Things become interesting when bacteria are scarce and the amoebae begin to starve. Then they release chemicals that attract other amoebae, which follow this trail until they bump into one another.
A mound of some 10,000 amoebae forms and elongates into a slug a few millimeters long that crawls forward, but not backward, toward heat and light.
The slug stops moving when it has reached a suitable place for dispersal. Then the front 20 percent of the amoebae die to produce a stalk that the remaining cells flow up to become spores.
The 20 percent of the amoebae in the stalk sacrifice their genes so the other 80 percent can pass theirs on.

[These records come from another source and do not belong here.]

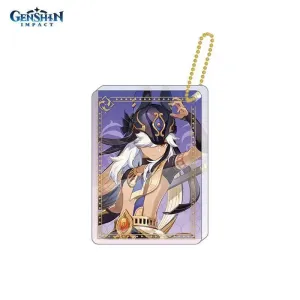 Брелок акриловый  Cyno 6975213686706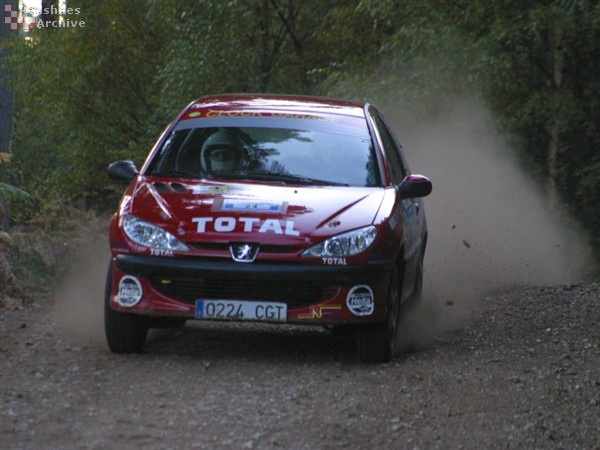 Joan Roca / Dani Guirro - Peugeot 206 XSi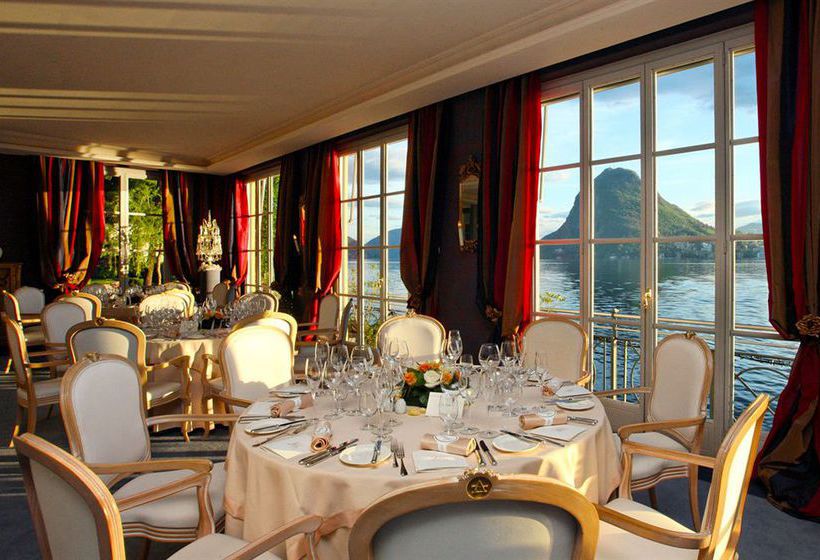 Grand Hotel Villa Castagnola  | Castagnola | Tessin | Schweiz 4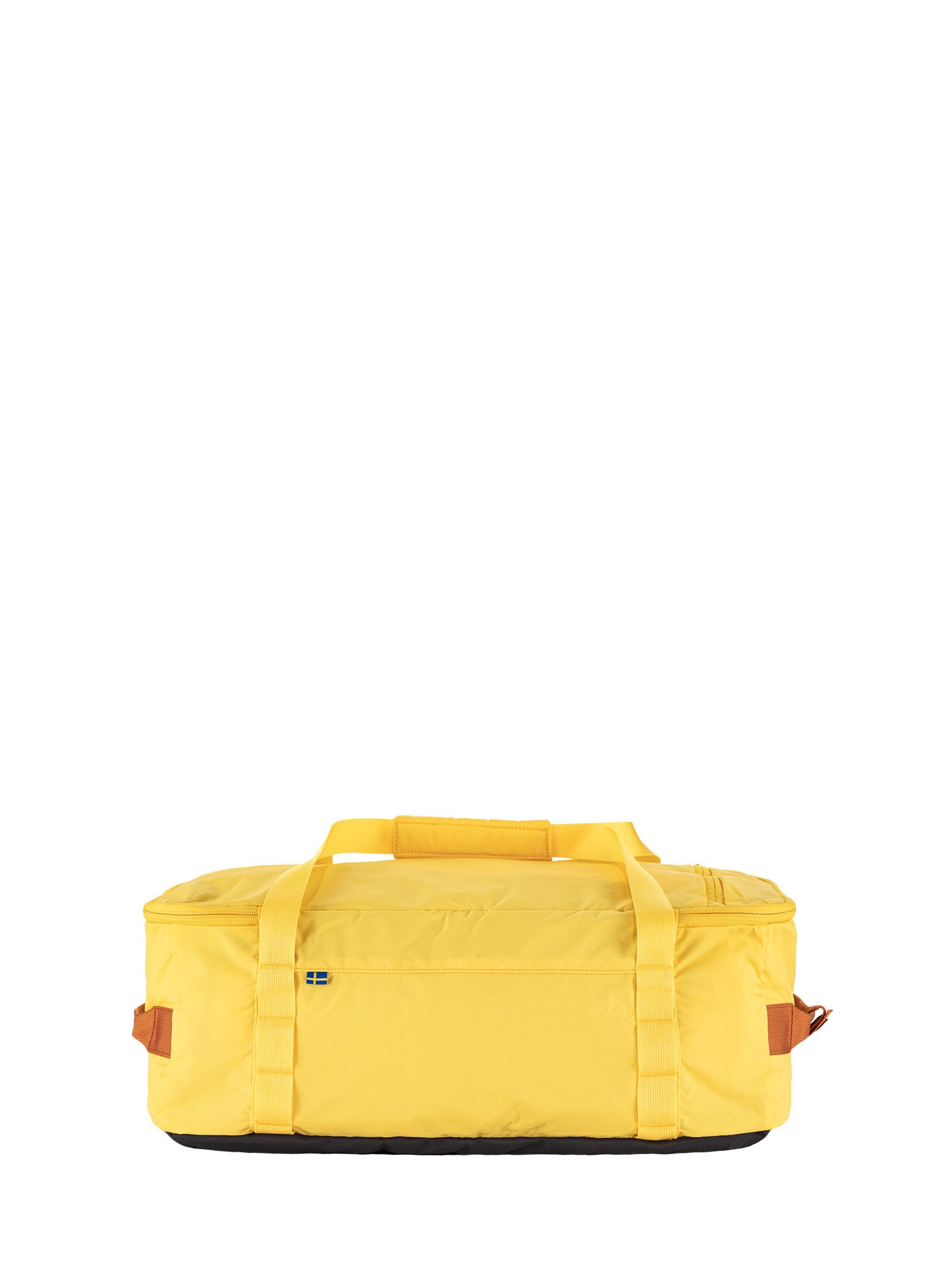 Geanta voiaj Fjallraven High Coast Duffel 36 - mellow yellow
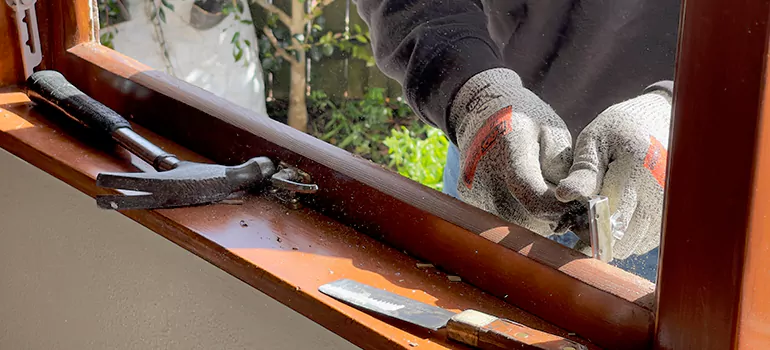 Industrial Window Repair in Country Walk, FL
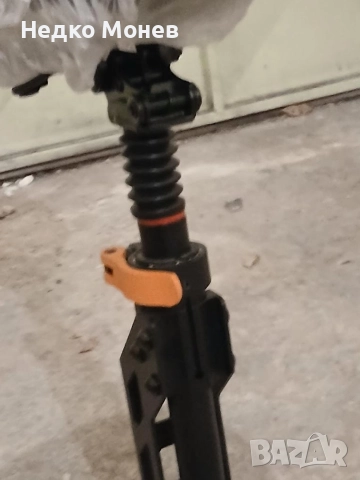 Седалка kukirin , снимка 3 - Друга електроника - 52924420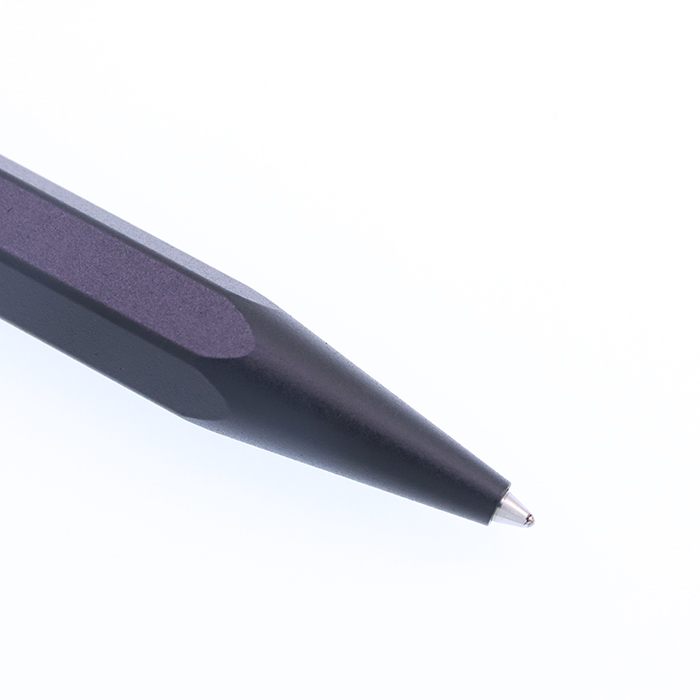 新品)CARAN d'ACHE カランダッシュ ボールペン ブラックエディション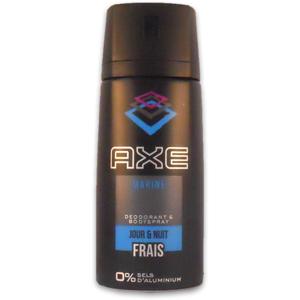 Axe Marine Sea Breeze & Sage Scent Deodorant & Bodyspray 150 ml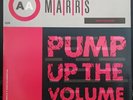 M|A|R|R|S ‎– Pump Up The Volume - 1987 12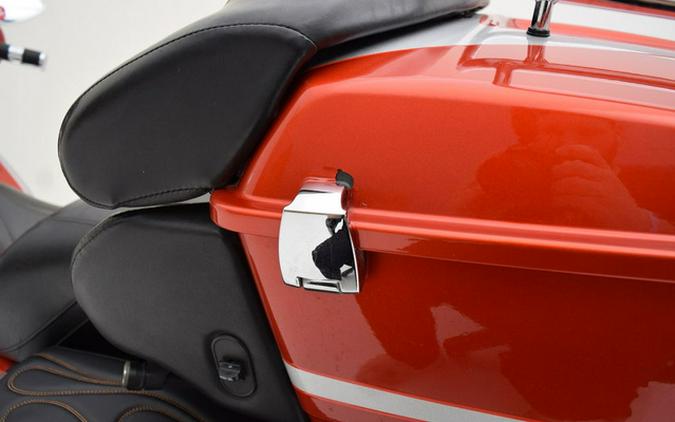 2008 Harley-Davidson FLHTCUSE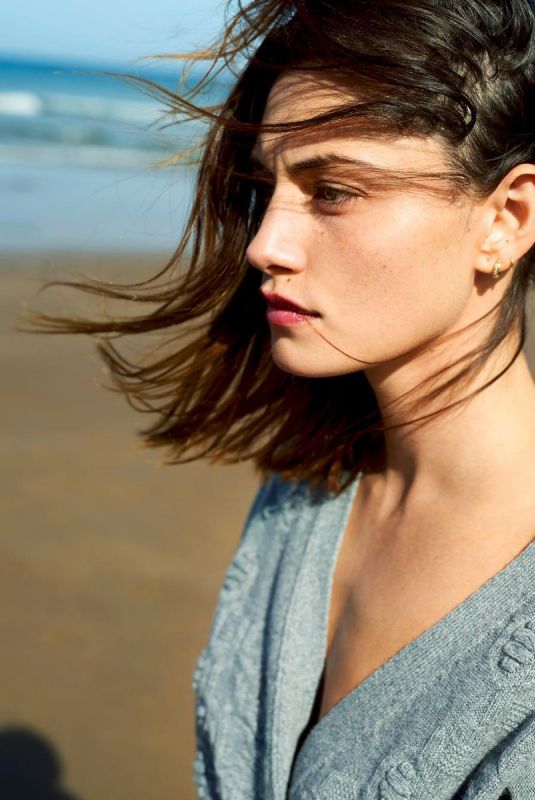 PHOEBE TONKIN for Rush Magazine, 2018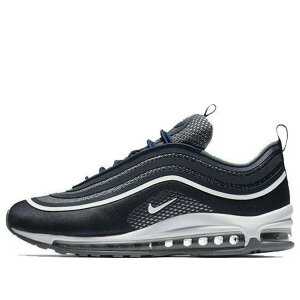 Nike �i�C�L �����Y �X�j�[�J�[ �G�A�}�b�N�X �yNike Air Max 97 Ultra 17 'Midnight Navy' 918356-400�z �T�C�Y US_9(27.0cm)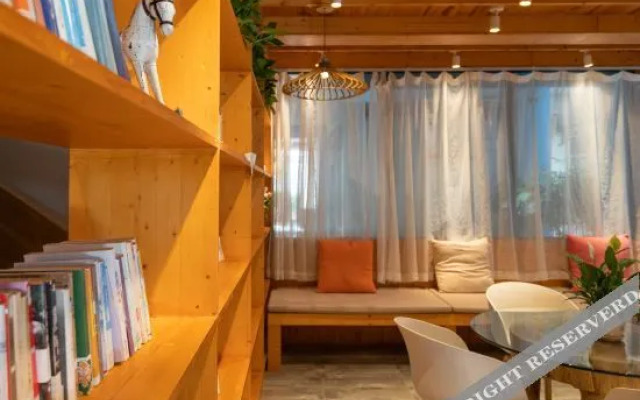 Tingmo Hostel (Zhuhai Hengqin Ocean Kingdom)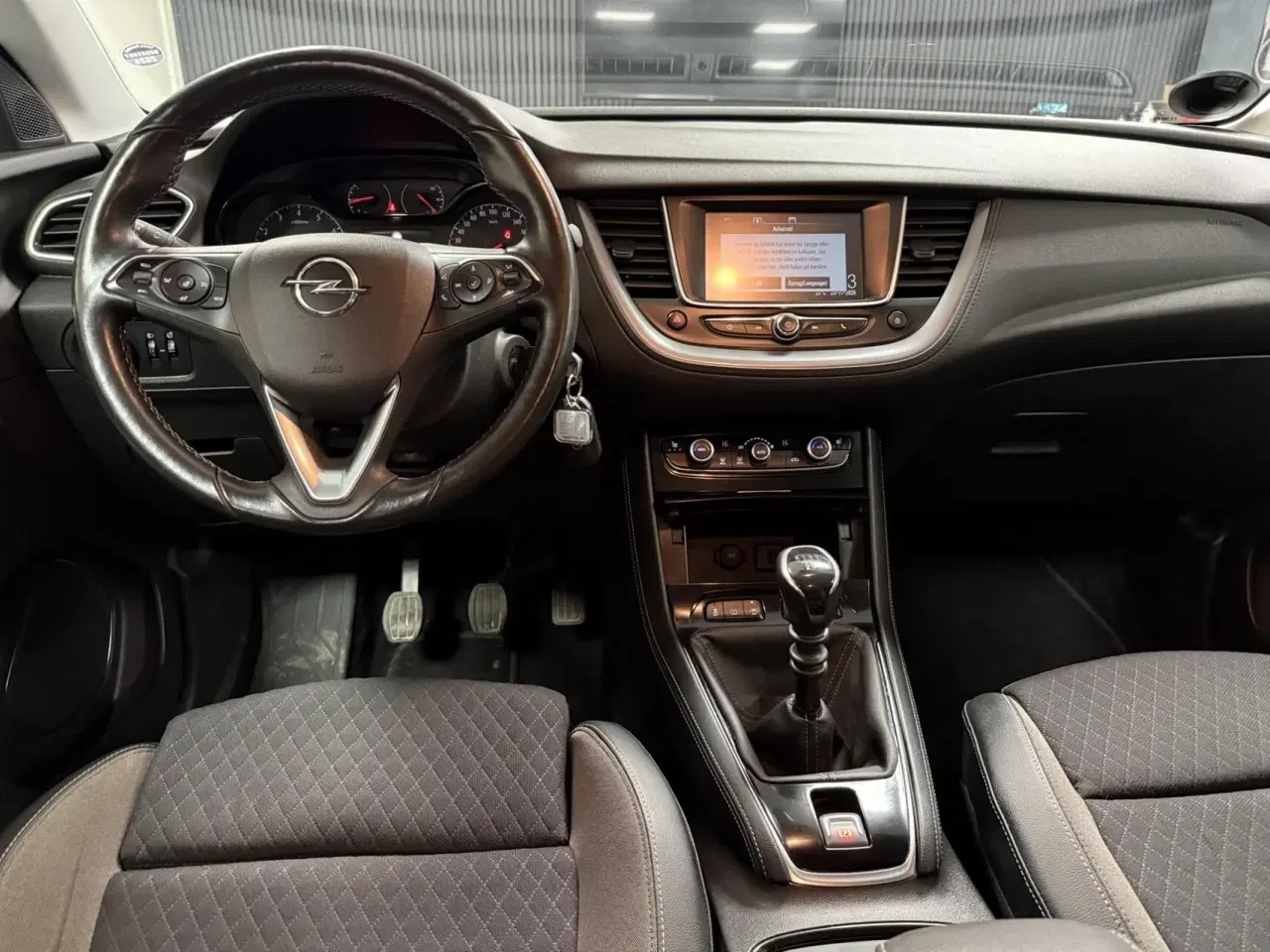 Billede 13 - Opel Grandland X 1,2 Direct Injection Turbo Enjoy Start/Stop 130HK 5d 6g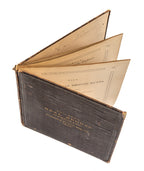 original 1870 hardbound russell & erwin ornamental bronze builders hardware catalog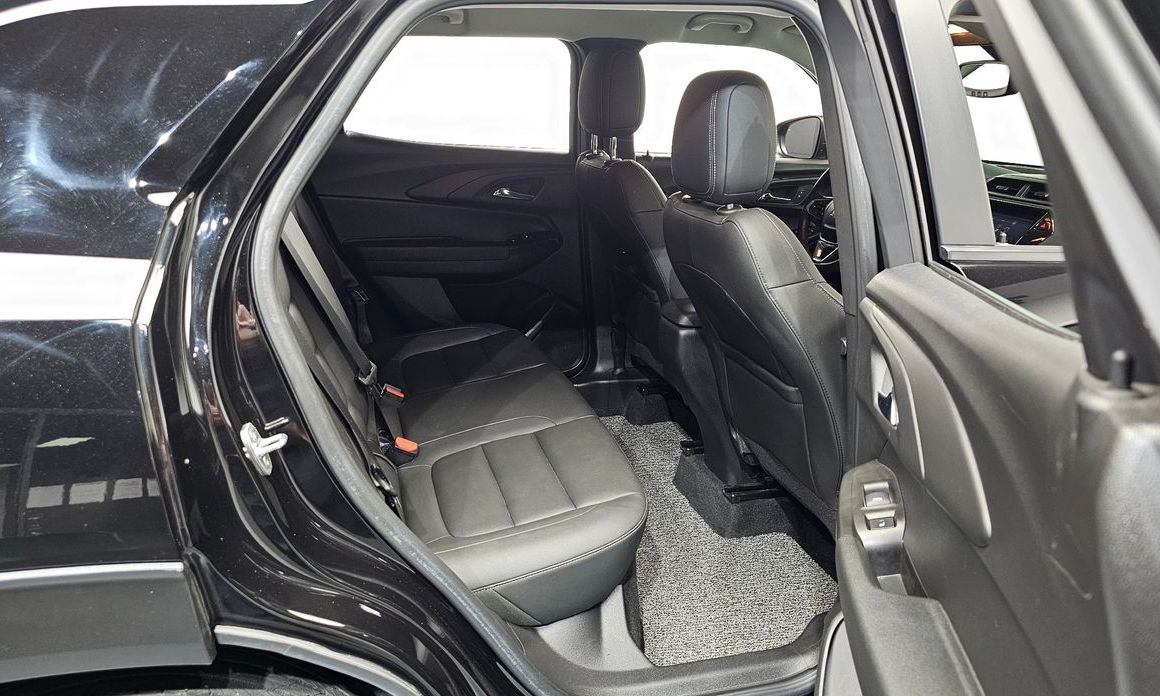 ChevroletGMDaewoo Trailblazer 2022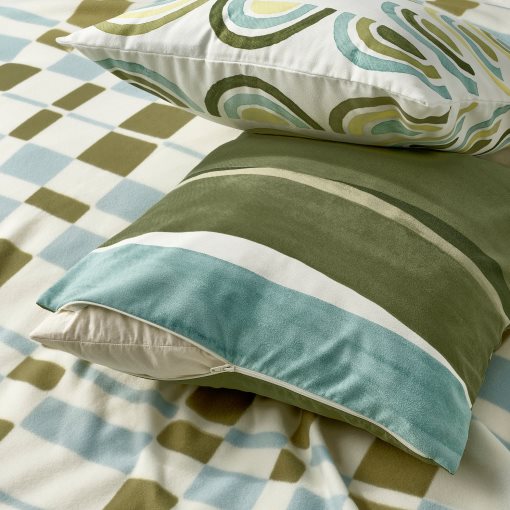 SVARTFIBBLA, throw, 120x160 cm, 705.721.71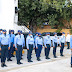 Hoy retiraron el 80% de los Policías escolares de los centros educativos de Barahona.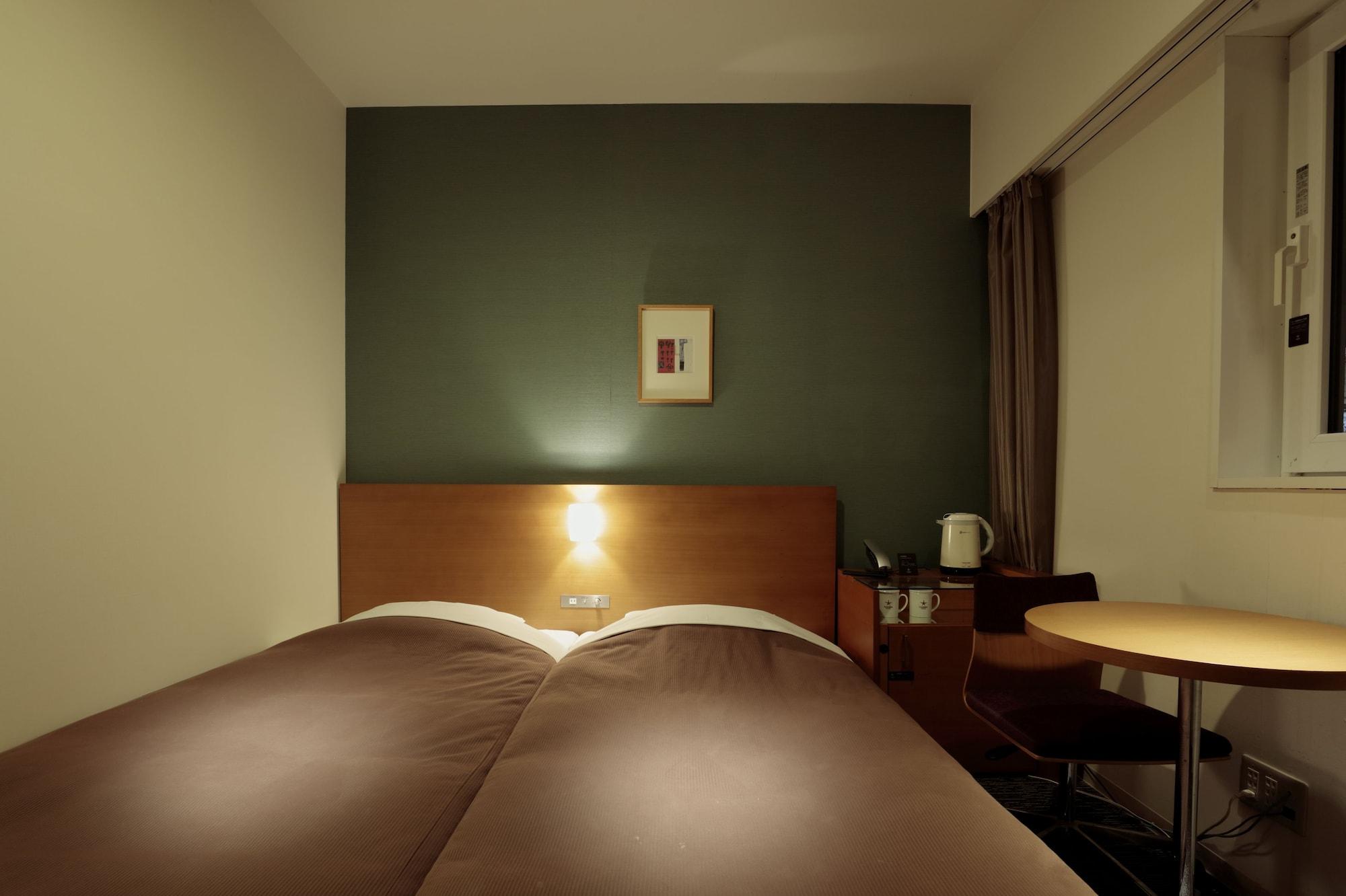 Candeo Hotels Kameyama Eksteriør billede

When Strassmann and Queller began to work with Dicty, one of the first things they discovered was that the amoebae sometimes cheat.
Scientist Dennis Welker of Utah State University had given them a genetically diverse collection of wild-caught clones--genetically identical amoebae.
They mixed amoebae from two clones together, then examined the fruiting bodies to see where the clones ended up.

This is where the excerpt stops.